Homozygosity refers to having two identical alleles for a particular gene, which can be either dominant or recessive. In this context, the short-plant mutation is recessive, meaning that the phenotype (short height) is expressed only when both alleles are recessive. Understanding homozygosity is crucial for determining the genetic basis of the observed traits in the barley plants.
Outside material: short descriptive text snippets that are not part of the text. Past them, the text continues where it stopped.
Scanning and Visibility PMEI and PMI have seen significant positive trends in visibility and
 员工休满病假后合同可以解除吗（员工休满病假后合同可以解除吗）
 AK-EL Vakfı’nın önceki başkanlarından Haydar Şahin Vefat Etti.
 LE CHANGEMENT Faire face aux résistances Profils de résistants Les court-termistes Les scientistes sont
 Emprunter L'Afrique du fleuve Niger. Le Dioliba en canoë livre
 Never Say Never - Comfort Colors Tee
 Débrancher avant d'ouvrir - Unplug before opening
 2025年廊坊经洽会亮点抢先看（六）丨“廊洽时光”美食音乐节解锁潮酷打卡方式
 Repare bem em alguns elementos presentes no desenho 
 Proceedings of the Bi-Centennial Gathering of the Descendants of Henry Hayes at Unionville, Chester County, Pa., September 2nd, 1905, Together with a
A genetic complementation test is used to determine whether two mutations that produce similar phenotypes are in the same gene or in different genes. By crossing the two mutant lines and observing the phenotype of the offspring, researchers can infer whether the mutations complement each other (indicating different genes) or fail to complement (indicating the same gene). This test is a fundamental method in genetics for analyzing gene function.

Phenotypic analysis involves studying the observable characteristics of organisms, such as height in barley plants. By comparing the phenotypes of the mutant lines and their offspring, researchers can gather evidence about the genetic basis of the traits. This analysis is essential for understanding how mutations affect plant characteristics and for drawing conclusions about the underlying genetic mechanisms.